The other reason CQRS is often used is scalability. When we have two microservices, they can be scaled independently to provide high performance. This is especially relevant when there is a large inconsistency between reads and writes.

When To Use CQRS?

1. Scenarios where the volume of reading operations is significantly higher than write operations.
2. Where one service can focus on the write side and another service can focus on the read side. There is nothing limiting CQRS to a single read side, multiple independent read projections may coexist depending on the use case.
3. Cases where the access patterns for writing vary significantly from those for reading.
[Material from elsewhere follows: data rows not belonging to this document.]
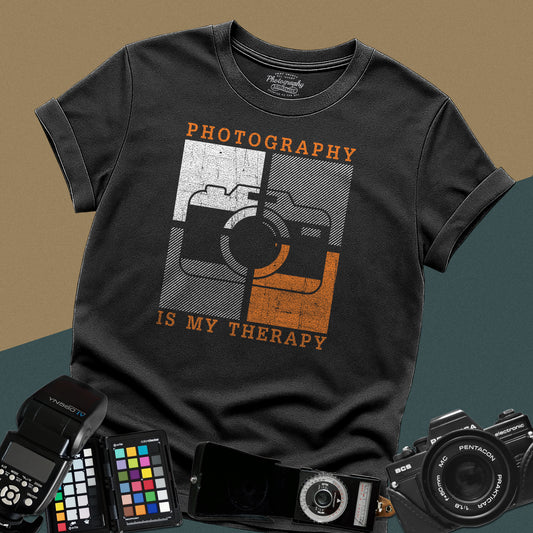 A casual black t-shirt featuring a unique graphic of a camera split into four textured squares with orange retro accents and the phrase "Photography Is My Therapy" written in a vintage distressed font.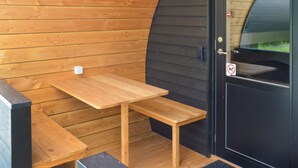 A small wooden bench and table set against a wooden wall with a black door. - 2 bedroom nice apartment in Nørre Nebel (Nørre Nebel)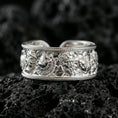 Load image into Gallery viewer, Polished silver mythic faces cuff band ring on volcanic stone, crisp product photo emphasizing clean shine and high-definition sculpted faces.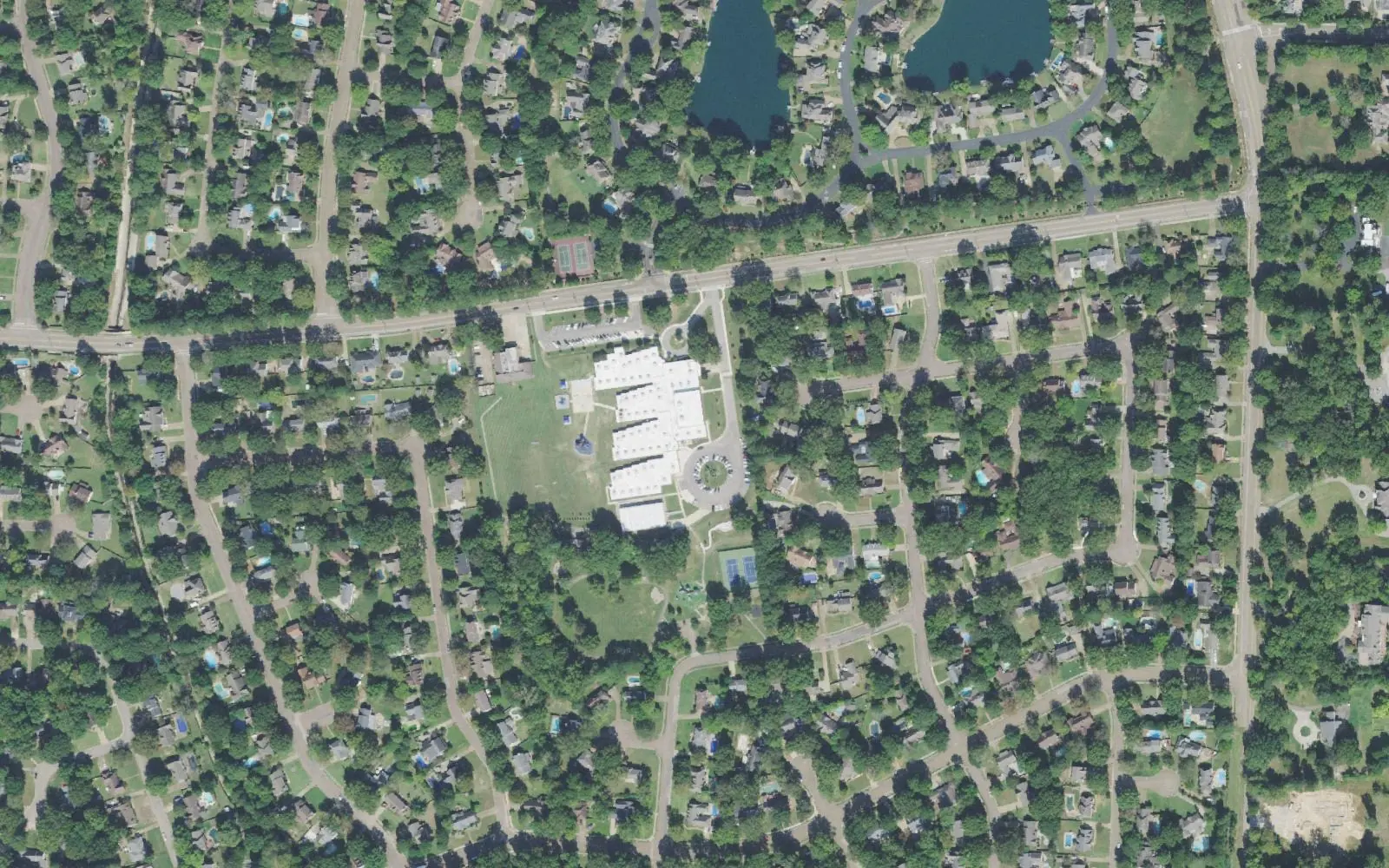 Dogwood Elementary School on Dogwood Road in east Germantown, seen from the air among houses on wooded streets, with two ponds at the top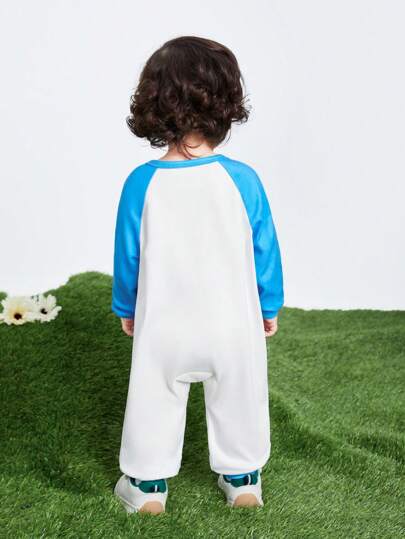 Teletubbies X SHEIN جمبسوت كاجوال عصرية للطفل الصبي بطباعة نجوم ملونة وشخصيات كرتونية، بلون أزرق وأبيض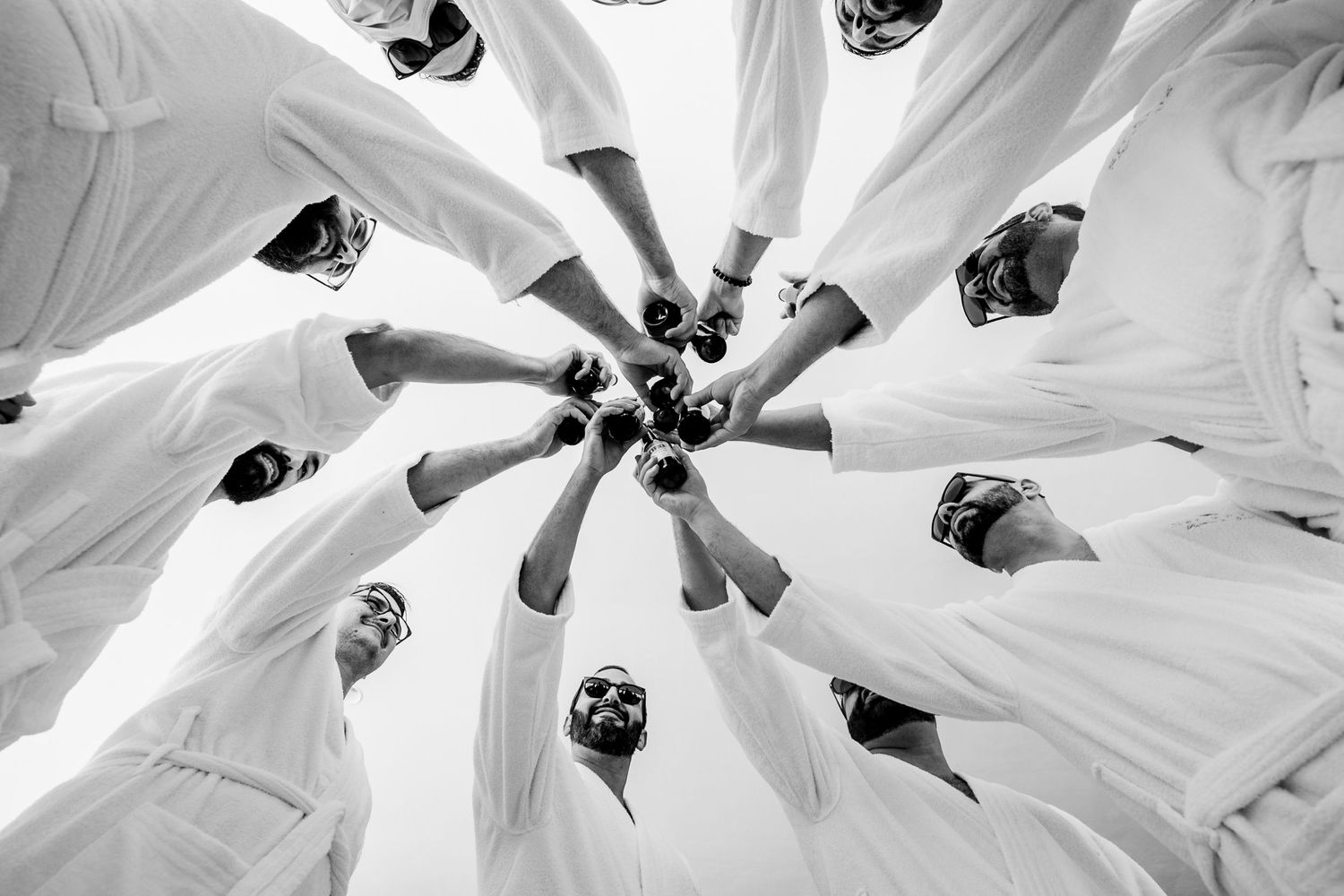Creative overhead shot of wedding party forming a circle in white dresses.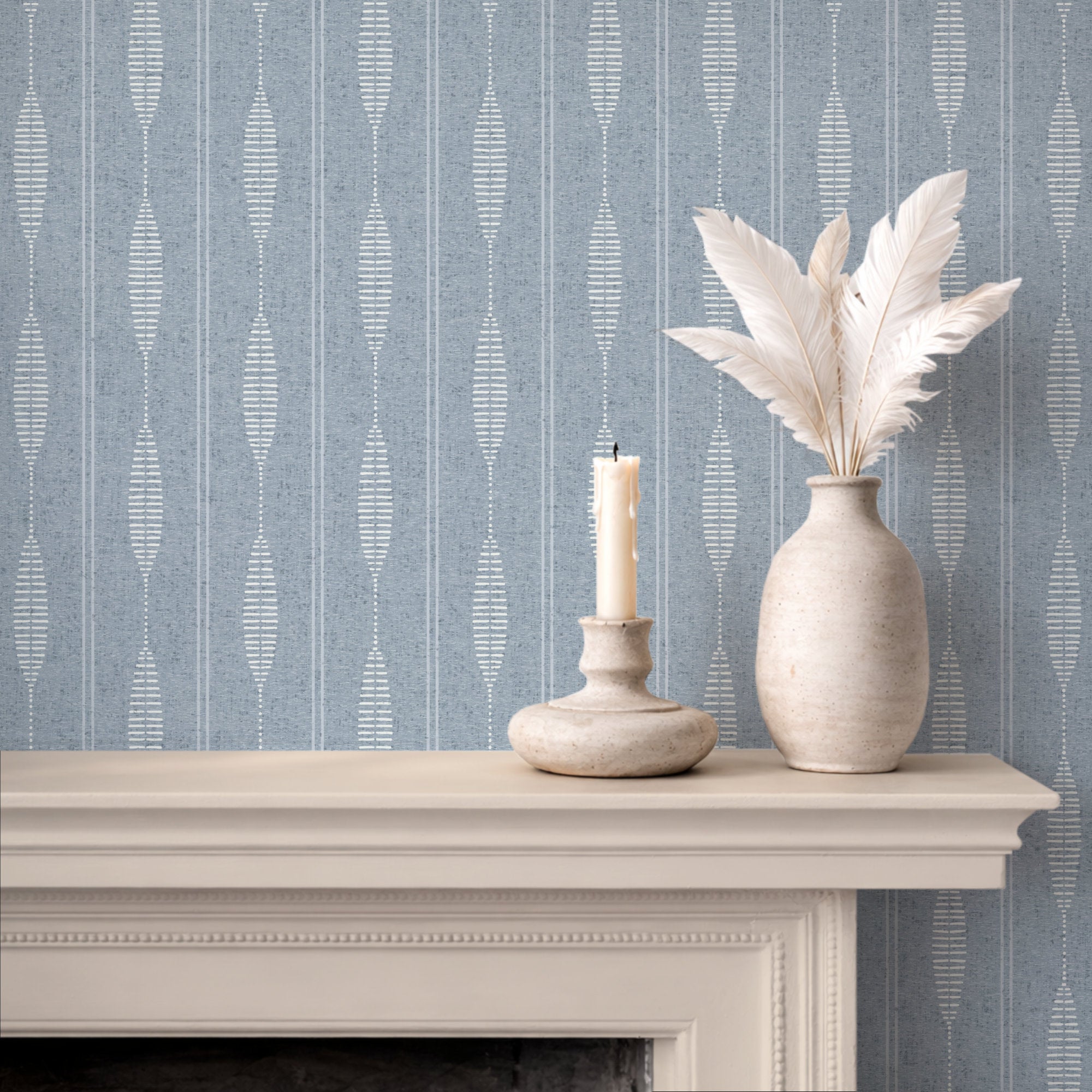 Light blue and white  linen stripe wallpaper behind a fireplace mantel, soft boho stripe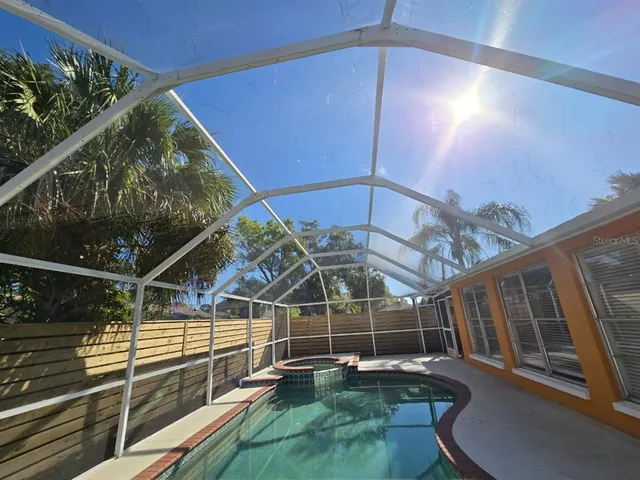 a view of a backyard with sitting area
For example, transactional writes vs reporting and analytics on the read side.

Use-case

When a user of the AirAsia super App accesses the My Bookings page, AirAsia client apps would query the main database for fetching users’ booking information (Upcoming and Past orders). At the same time, LOBs (Line Of Business) would send commands to the main database to update the user’s order booking status.

The database queries would crosscheck for final order booking status and respond to the client apps and LOB’s accordingly. These sorts of queries can put a huge load on the database. Worse, they must execute in near real-time, otherwise, the user experience degrades noticeably.

The following summarises how segregation is achieved:

• For each update to the write-side database, the writer publishes an equivalent command onto the GCP Pub/Sub queue
• Pub/Sub internally pushes order update events to the Unified Order History Service
• Unified Order History Service validates and transforms the data into a format that is optimized for subsequent querying and writes to the read-side database
• Progressively building a persistent view (the read projection), where data is queried from and displayed to the end-users.

The segregation model is shown below. The write path is highlighted in red. There is an asynchronous aspect to processing writes — shown in orange. The read path is marked in blue.

An application model utilizing command-query segregation

The simple example above uses multiple databases to separate the read and write persistence concerns, however, we could have just as easily used a single database with multiple tables, though to a lesser effect.

The use of separate databases is more common, it supports scalability and allows us to pick the optimum persistence technology for the types of data queries and manipulations that we predict.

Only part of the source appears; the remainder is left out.